REQUIRED WORK - Produce a faithful copy of the data, one that leaves out the pictures.

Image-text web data
--- START ---

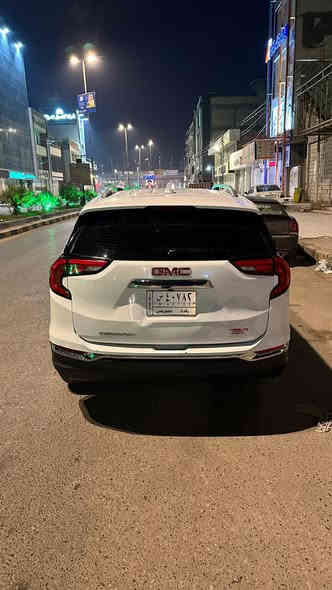 السلام عليكم GMC Terrain
جي ام سي تيران ( SLT) 

موديل :2021 

اللوان : أبيض 

عدد المسافه : 102 ألف KM

حجم المحرك : 1.5L TURBO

--- END ---

REPLY -
 السلام عليكم GMC Terrain
جي ام سي تيران ( SLT) 

موديل :2021 

اللوان : أبيض 

عدد المسافه : 102 ألف KM

حجم المحرك : 1.5L TURBO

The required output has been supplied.